● Exercise input
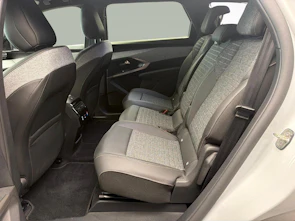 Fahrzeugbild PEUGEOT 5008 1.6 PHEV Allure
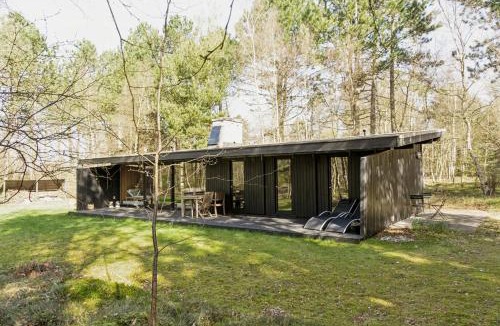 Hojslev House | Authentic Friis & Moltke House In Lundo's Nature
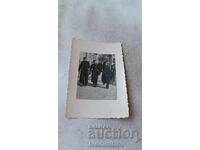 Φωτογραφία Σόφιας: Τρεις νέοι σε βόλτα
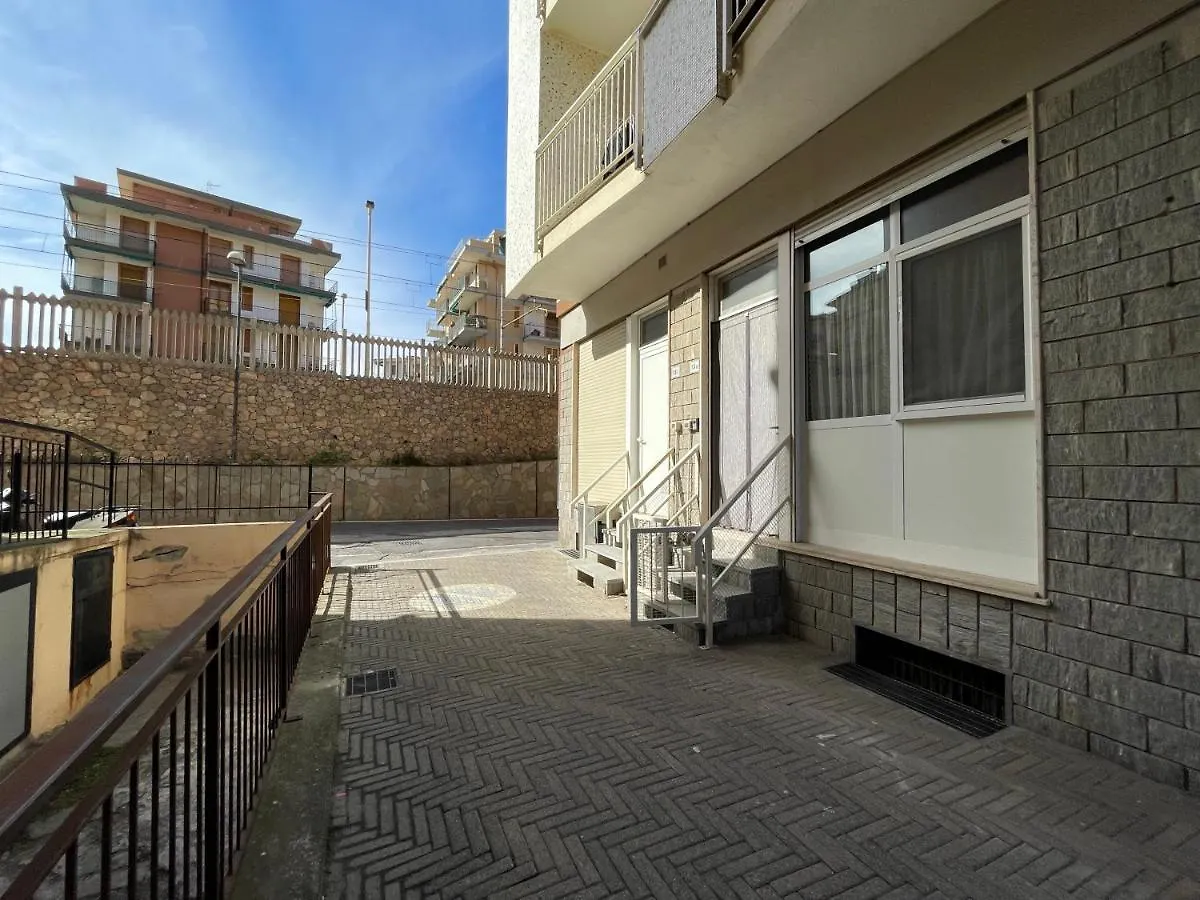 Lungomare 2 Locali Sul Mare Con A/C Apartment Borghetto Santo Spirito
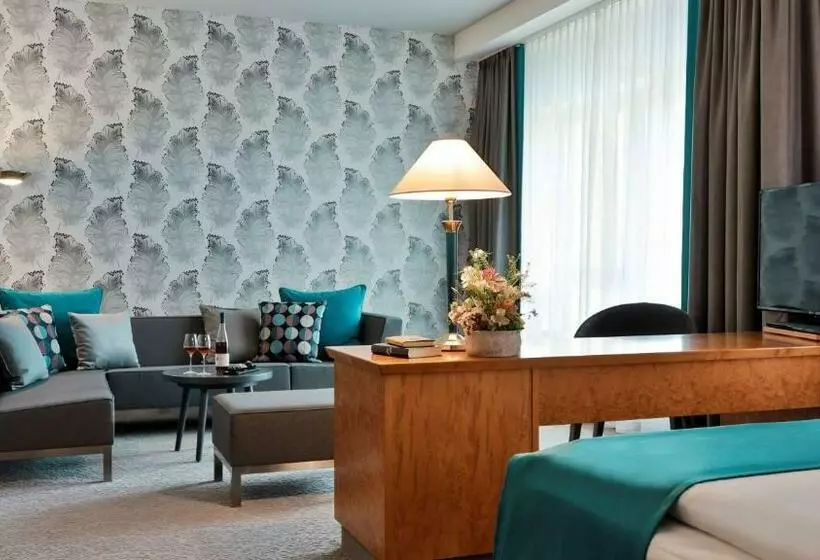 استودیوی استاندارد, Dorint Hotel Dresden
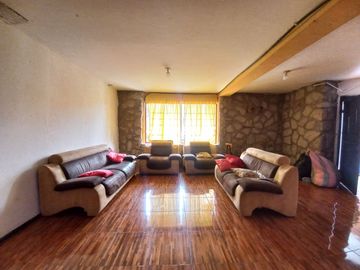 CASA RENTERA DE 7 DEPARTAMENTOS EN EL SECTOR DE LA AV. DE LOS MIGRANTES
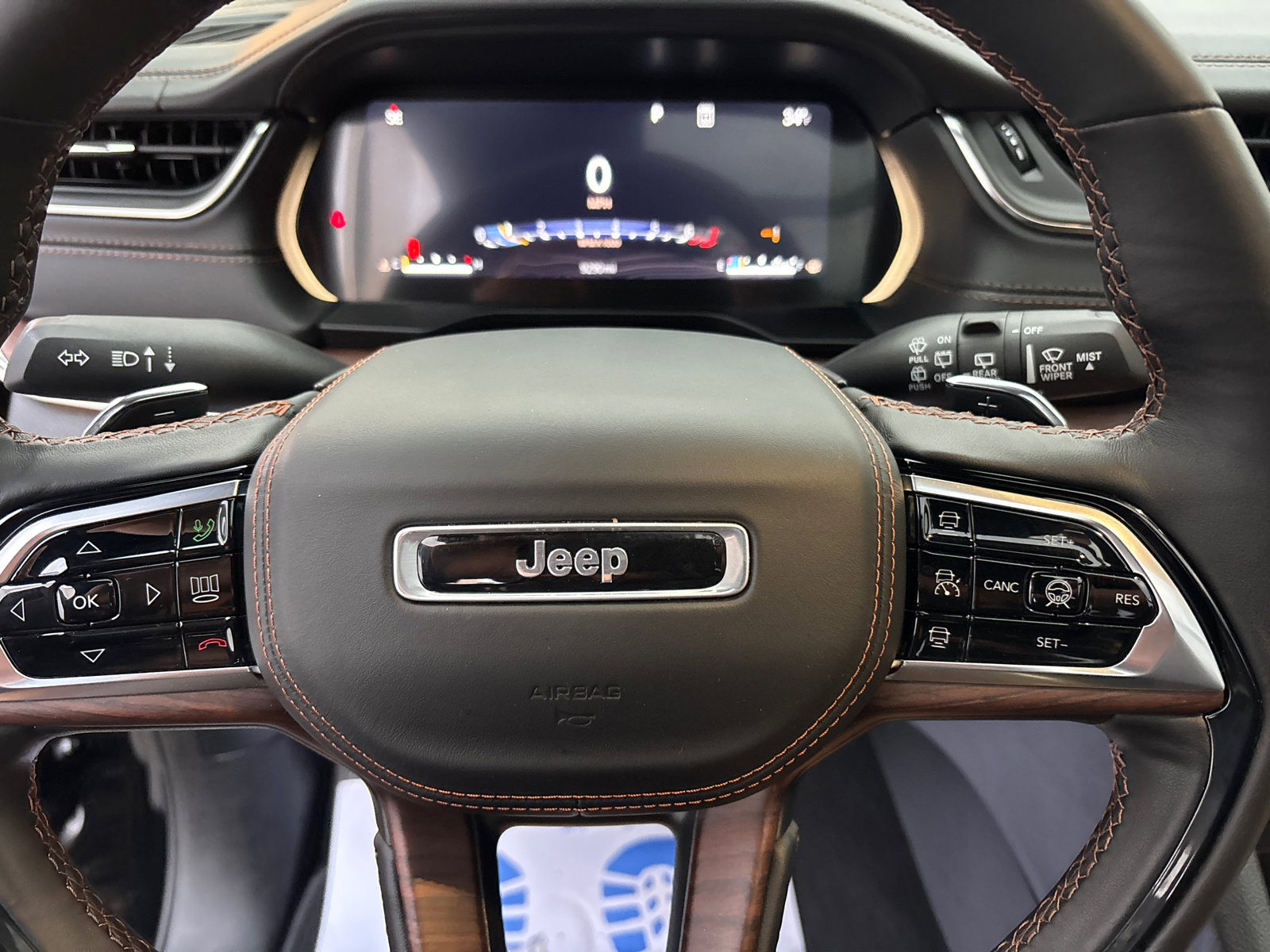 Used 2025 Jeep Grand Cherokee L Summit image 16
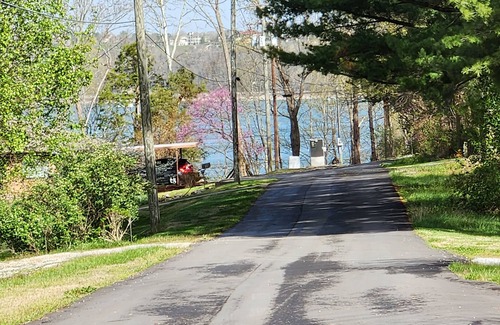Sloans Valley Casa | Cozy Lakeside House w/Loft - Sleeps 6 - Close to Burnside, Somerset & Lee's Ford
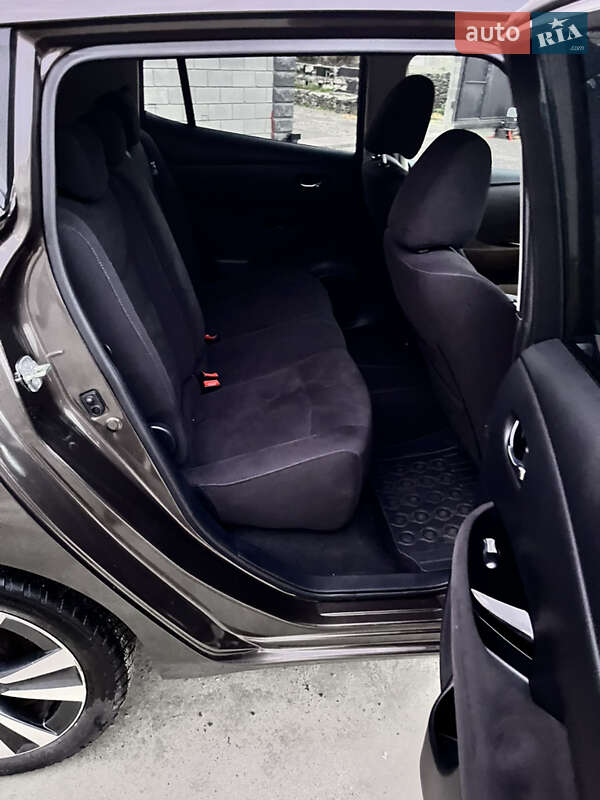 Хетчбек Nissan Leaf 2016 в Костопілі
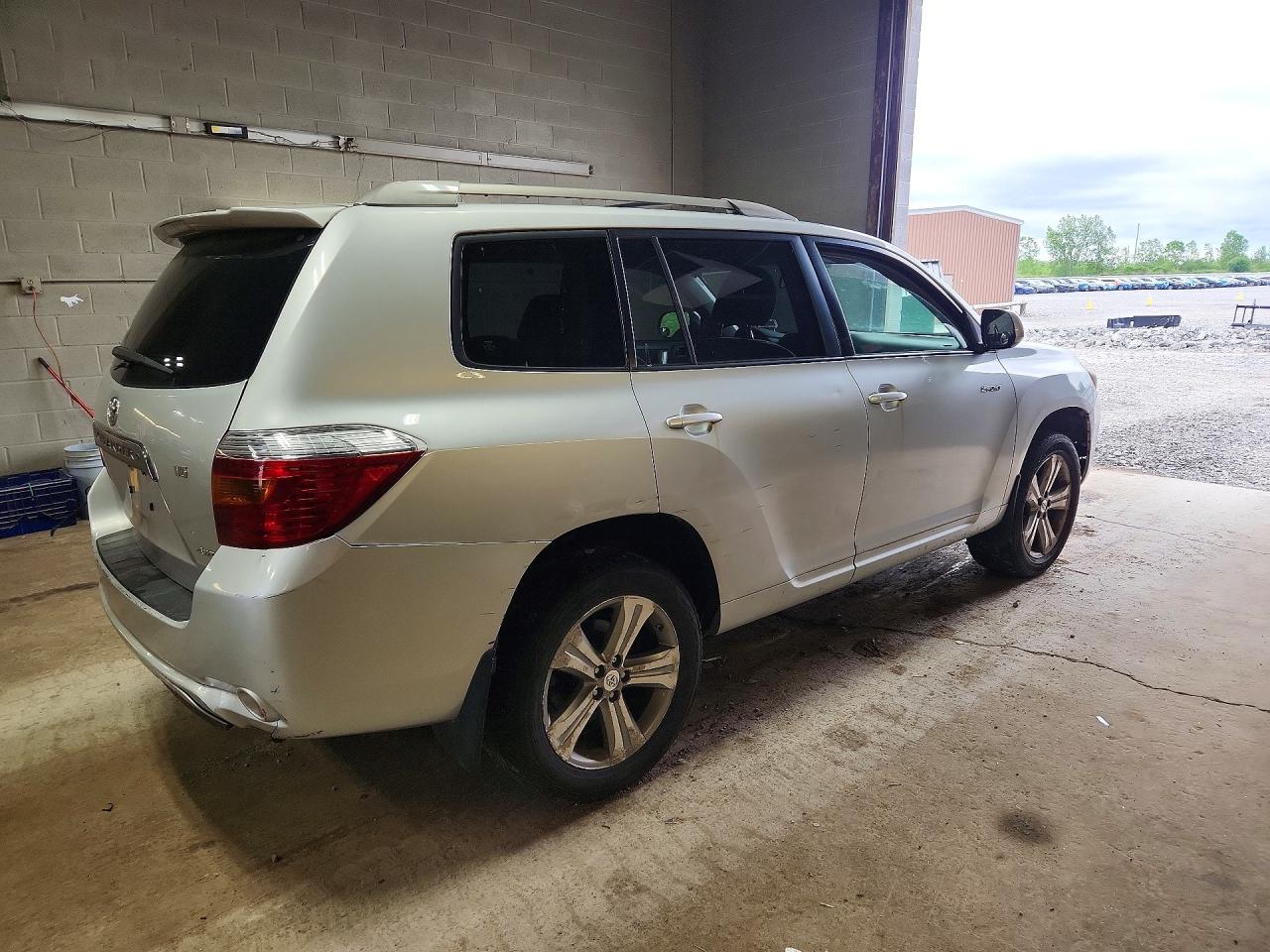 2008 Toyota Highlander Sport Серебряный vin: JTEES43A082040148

● About this exercise
From the line that contains "Φωτογραφία Σόφιας: Τρεις νέοι σε βόλτα" to the last line of the records above, copy each line exactly, both ends included, and leave the pictures out.

● Answer space
 Φωτογραφία Σόφιας: Τρεις νέοι σε βόλτα
 Lungomare 2 Locali Sul Mare Con A/C Apartment Borghetto Santo Spirito
 استودیوی استاندارد, Dorint Hotel Dresden
 CASA RENTERA DE 7 DEPARTAMENTOS EN EL SECTOR DE LA AV. DE LOS MIGRANTES
 Used 2025 Jeep Grand Cherokee L Summit image 16
Sloans Valley Casa | Cozy Lakeside House w/Loft - Sleeps 6 - Close to Burnside, Somerset & Lee's Ford
 Хетчбек Nissan Leaf 2016 в Костопілі
 2008 Toyota Highlander Sport Серебряный vin: JTEES43A082040148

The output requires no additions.